The gonadal vessels are the first major retroperitoneal structures encountered just superior to the pelvic brim. The right gonadal vein (a tributary of the inferior vena cava) and artery (an anterolateral branch of the aorta slightly inferior to the renal arteries) should be encountered as they cross the external iliac vessels somewhat lateral to the ureter. The ureter is just medial to these vessels.
More superiorly, Gerota fascia (enclosing the right kidney, suprarenal gland, and perirenal fat) will be exposed as the hepatic flexure is mobilized. Further medial mobilization of the colon will expose the C-loop of the duodenum, encompassing the head of the pancreas. These retroperitoneal structures are in direct contact with the anterior surface of Gerota fascia.
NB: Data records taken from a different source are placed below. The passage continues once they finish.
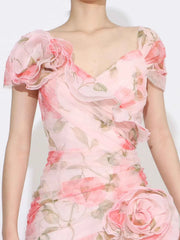 Floral Ruffled Short Sleeve Maxi Dress — view 4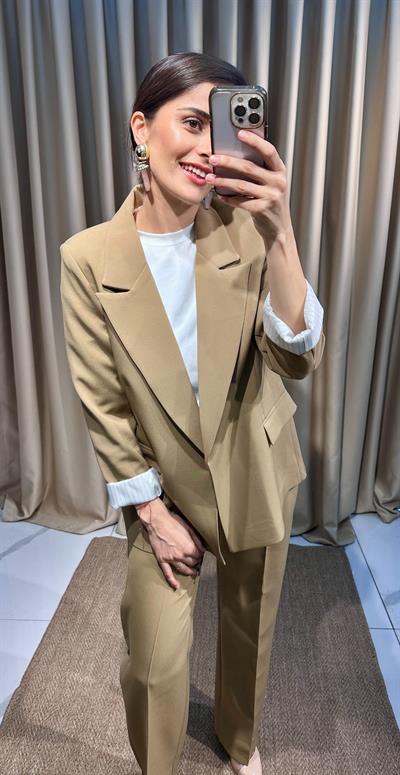 Çizgi Astarlı Koyu Haki Blazer Ceket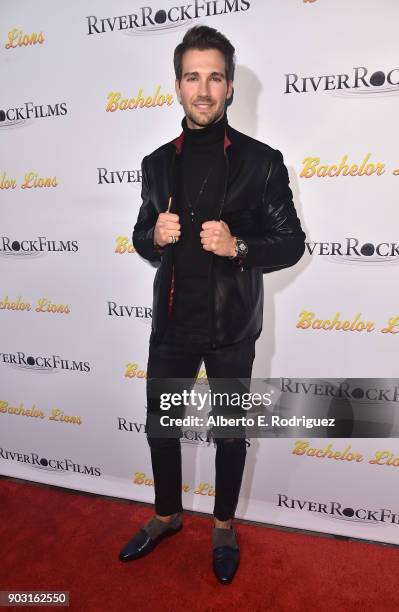 Actor James Maslow attends the premiere of RiverRock Films' "Bachelor Lions" at The ArcLight Hollywood on January 9, 2018 in Hollywood, California.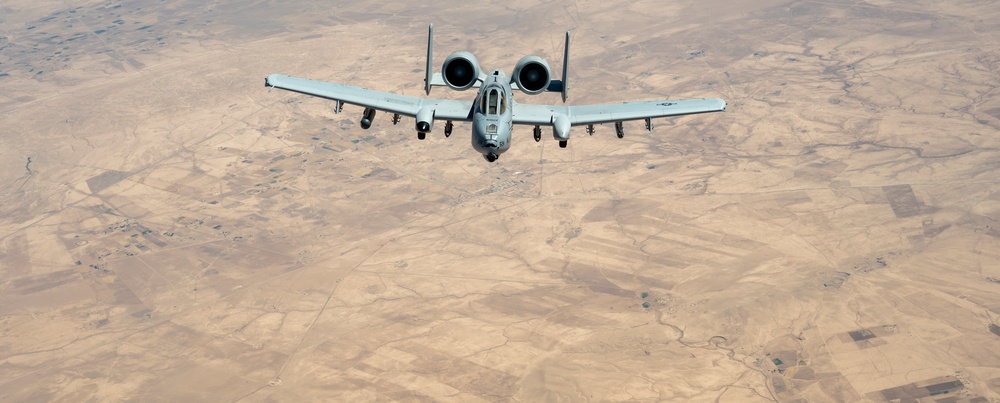 Air Force Thunderbolt II's refuel over USCENTCOM AOR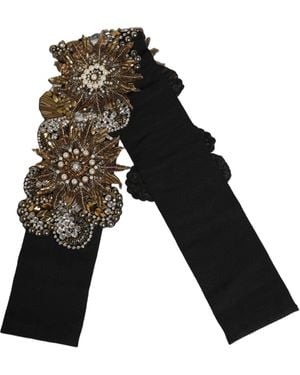 Dolce & Gabbana Black Gold Tone Crystal Brass Flower Brooches Belt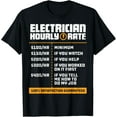 thumbnail image 1 of Electrician Hourly Rate Funny Lineman Dad Retro Vintage Men T-Shirt, 1 of 4
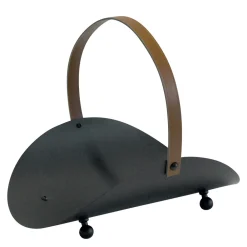 Viadurini Fire Design Kaminholzständer Aus Eisen Und Stahl-Schwarzer Holzhalter aus Metall mit Ledergriff, hergestellt in Italien – Antilope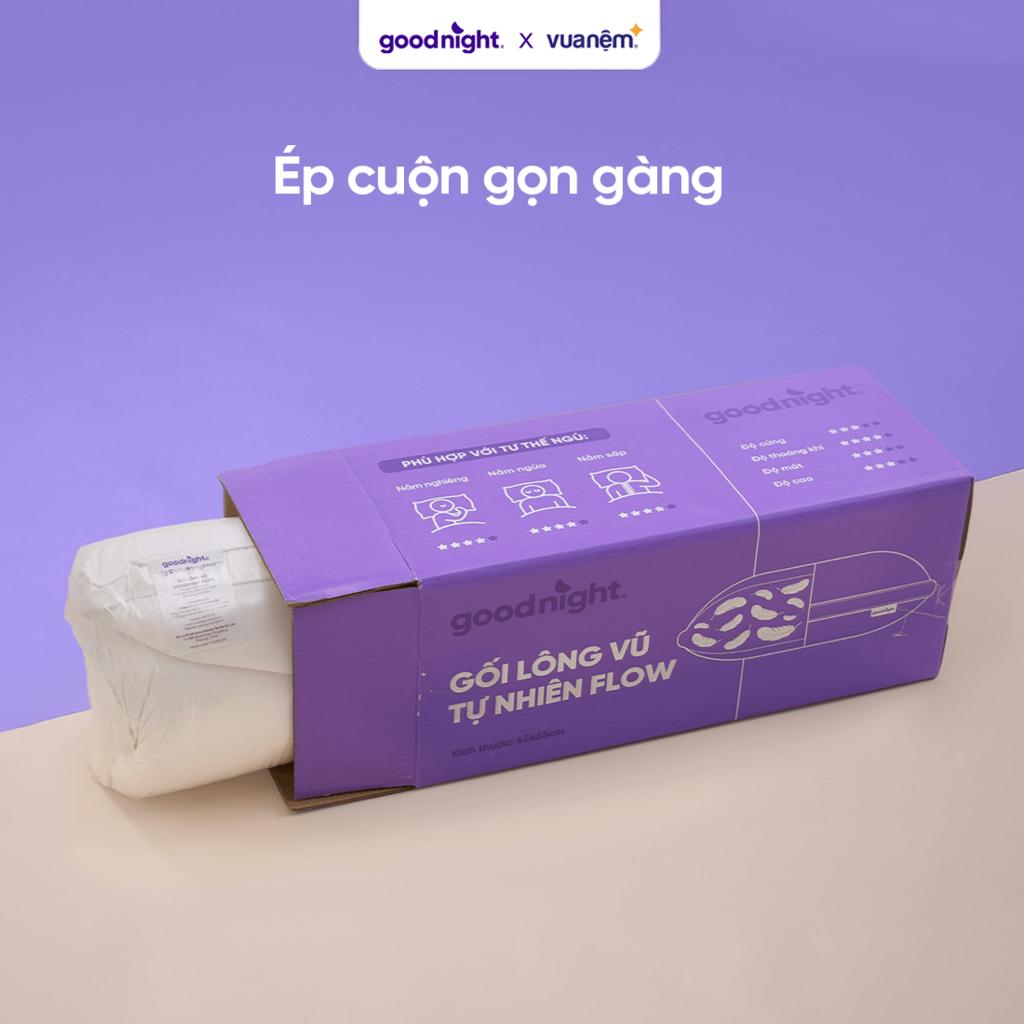 Lõi lông vịt trắng ~490g — cho độ phồng & nâng đỡ tự nhiên.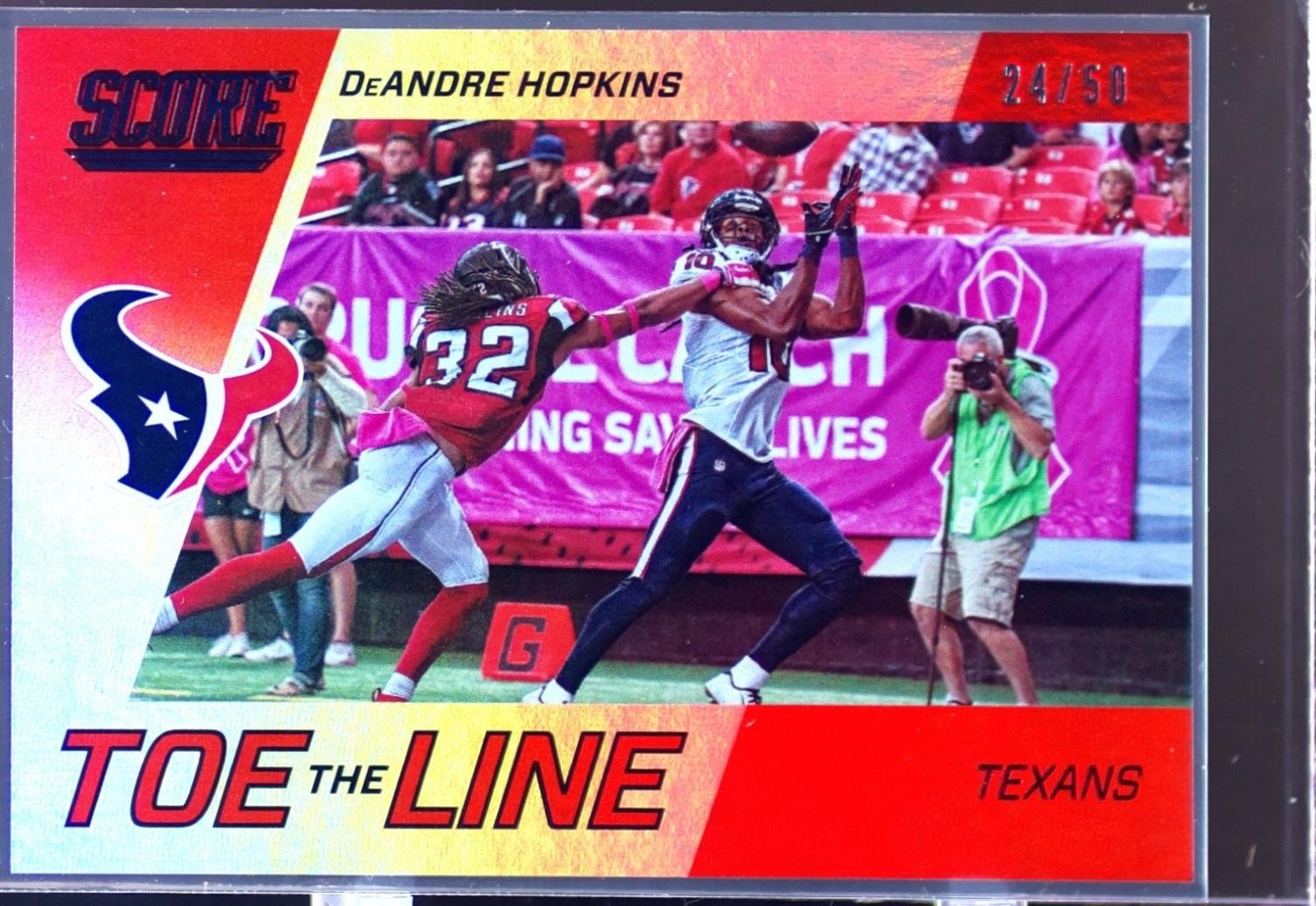 2016 Score DeAndre Hopkins /50 #3 Texans Toe the Line Red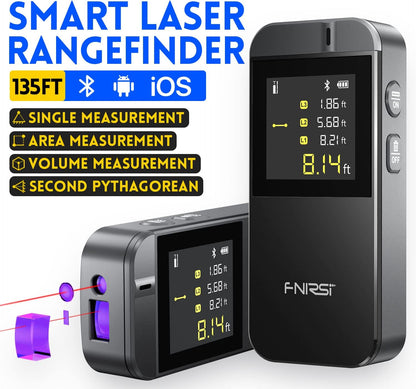 FNIRSI Smart Laser Distance Meter - 40m Range - Bluetooth - Suitable for Smartphone - USB-C Charging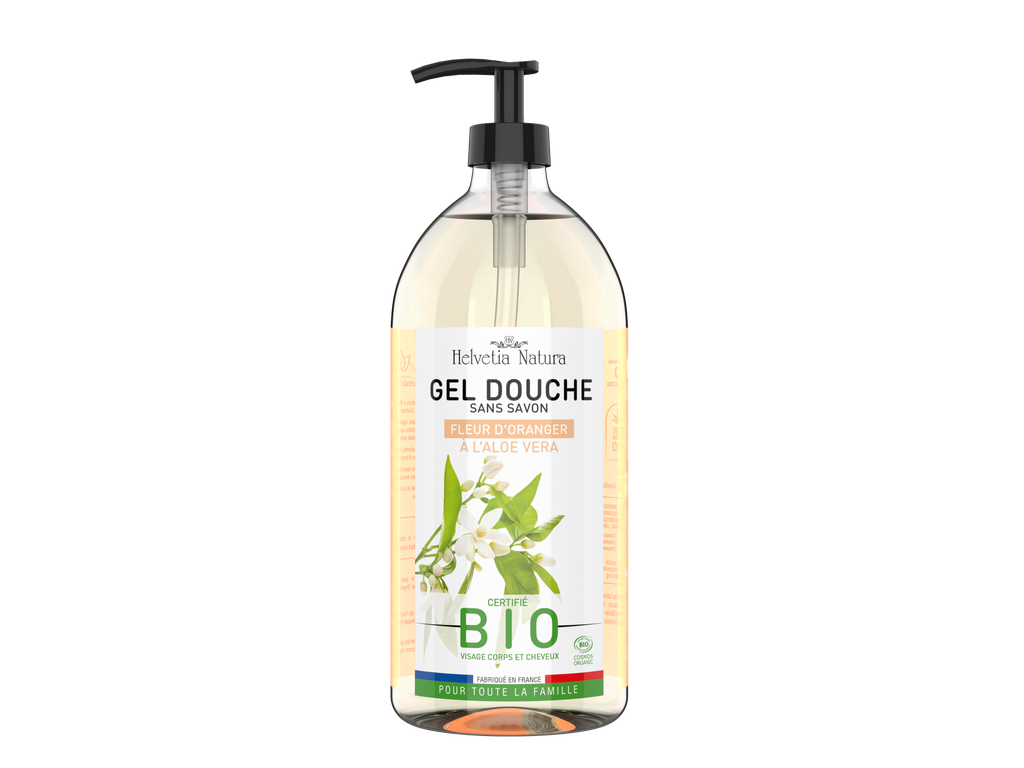 Helvetia Natura® Gel Douche Aloe vera Fleur d'oranger 1L - COSMOS ORGANIC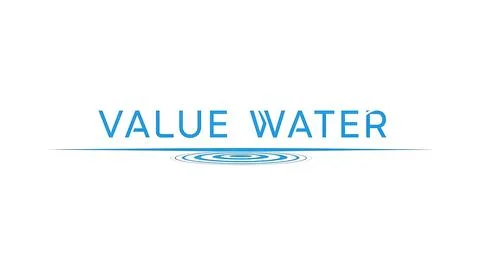 Value water text with blue ripple illustration and horizontal line on white.. Stock Illustration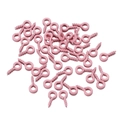 Primer plano de armellas de 4x8mm pintadas en rosa para creación de joyería DIY - Rosa Claro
Further
medial mobilization of the right colon, terminal ileum, duodenum, and head of the pancreas will expose the entire infrahepatic inferior vena cava lying to the right of the midline.
medial mobilization of the right colon, terminal ileum, duodenum, and head of the pancreas will expose the entire infrahepatic inferior vena cava lying to the right of the midline.
Encirclement of the distal aorta, just proximal to its bifurcation, is aided by lateral retraction of the inferior mesenteric artery because this parallels, to the left, the distal aorta. Skeletonization of the distal aorta; however, should be done with some care to avoid inadvertent laceration of the left fourth lumbar vein, which passes to the left posterior to the aorta.
As the abdominal aorta is skeletonized from inferior to superior, the first structure to be encountered should be the inferior mesenteric artery. More superiorly, again from the anterior surface of the aorta, small gonadal arteries can be identified. These may arise as a common trunk, separately and at the same or different levels, or they may arise from a renal or suprarenal artery. The next structure to be encountered should be the left renal vein, which typically crosses the anterior surface of the aorta just inferior to the origins of the superior mesenteric artery and left renal artery. However, retroaortic left renal veins or circumaortic left renal veins do occur, as commonly as 6% of the time. The superior mesenteric artery usually originates about 1 cm distal to the celiac artery; however, both of these major arteries can arise from a common trunk. Rarely, one or more of the three celiac artery branches (left gastric, splenic, or common hepatic) arise independently from the aorta and the procurement surgeon needs to be aware of these anatomic variations.